白人のライチャス・ブラザースもロイの影響を受けたグループですが、次の曲は映画「ゴースト」で使われていたので知っている方も多いと思います。映画ではライチャス・ブラザーズのバージョンが使われてましたが、今日はロイ・ハミルトンで聞いてみてください。

2.Unchained Melody/Roy Hamilton

ロイさん、楽勝で歌っています。声の音域もすごく広いですし、元々の地声もいい声してます。そういう自分の特性を充分に発揮した上にクラシックの歌唱が入った朗々とした歌い方です。このあたりも好きになれるかどうかの分かれ目です。前今日のロイ・ハミルトンに強い影響を受けたジャッキー・ウィルソンも僕はすごく好きにはなれない。偉そうに言わせてもらうと歌いすぎ。歌が押しすぎというか目いっぱいありすぎて聴いているとしんどくなるんですね。こんな歌うまい人に本当に失礼ですれど。そこにオーケストラにストリングスと・・隙間がなくてちょっと息苦しい感じがします。

次はそのあたりを感じながら聴き比べを聞いてください。同じ曲ですが、ロイとサム・クックです。最初にロイを聞いてください。
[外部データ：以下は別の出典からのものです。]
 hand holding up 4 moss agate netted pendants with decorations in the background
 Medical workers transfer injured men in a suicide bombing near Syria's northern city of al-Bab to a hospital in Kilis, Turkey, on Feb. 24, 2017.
3.I’ll Come Running Back to You/Roy Hamilton

4.I’ll Come Running Back to You /Sam Cooke

2人とも上手いのですが、この違いをなんて言うか難しいところです。どちらがいいと言うことではなくロイ・ハミルトンの方はやはりスタンダードな曲作りになっていて自分風のフェイクのテクニックを使ってを歌っていますがそのあたりが分かれ目で、サム・クックの方は歌も音もシンプルでサムが目の前で歌ってくれているような良さがあります。サムはこのあとソウル・ミュージックを作って行く偉大なミュージシャンになるのですが、この歌に関してもソウルの原型みたいなものを聞くことができます。ロイはやはり歌の上手いスタンダード・シンガーという立ち位置なんですね。
最後に”Mr.Rock And Soul”と呼ばれたロイのそのままのタイトルの曲です。
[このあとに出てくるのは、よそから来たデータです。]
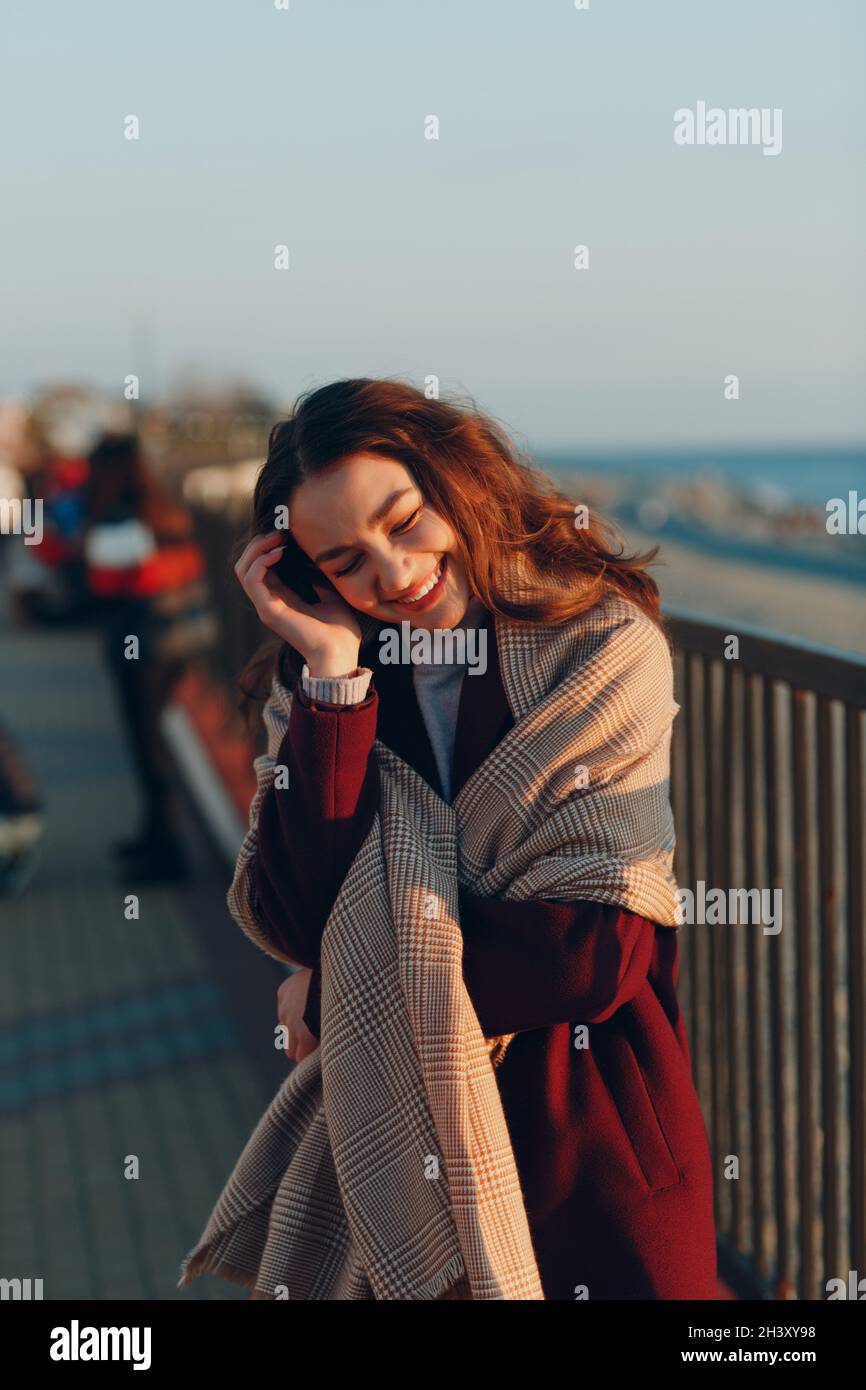 Young woman in coat at coast outdoors. Stock Photo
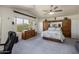 Cozy main bedroom with a ceiling fan, a large window, and built-in wardrobe storage at 1648 S Faith --, Mesa, AZ 85209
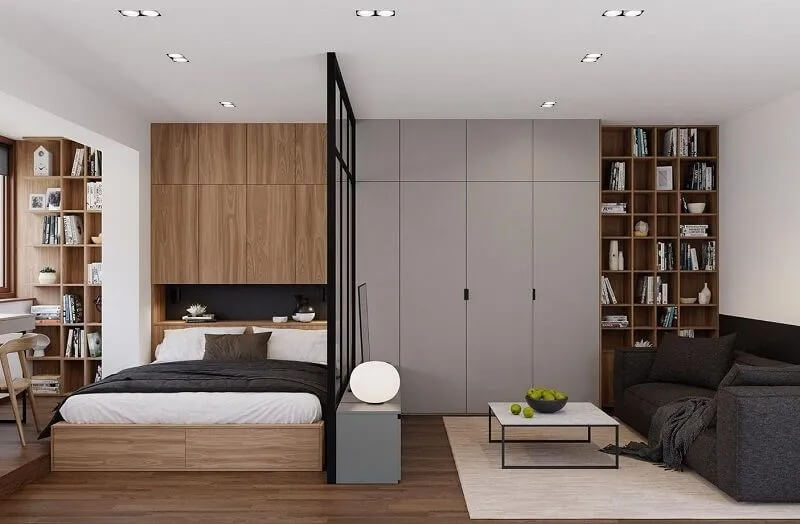 Phòng ngủ hiện đại với giường gỗ, sofa xám, bàn cà phê và giá sách lớn trong không gian mở.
5.Mr. Rock and Soul/Roy Hamilton

エルヴィスはブルーズやカントリー・ウエスタンのカバーから始まり次第にスタンダード歌手になっていったのですが、そのプロセスで憧れたのがそしてお手本にしたのがロイ・ハミルトンでした。たぶんライヴを見たらロイ・ハミルトンの良さはもっとわかると思うのですが、ロイは1969年7月20日に心臓発作で40歳という若さで亡くなりました。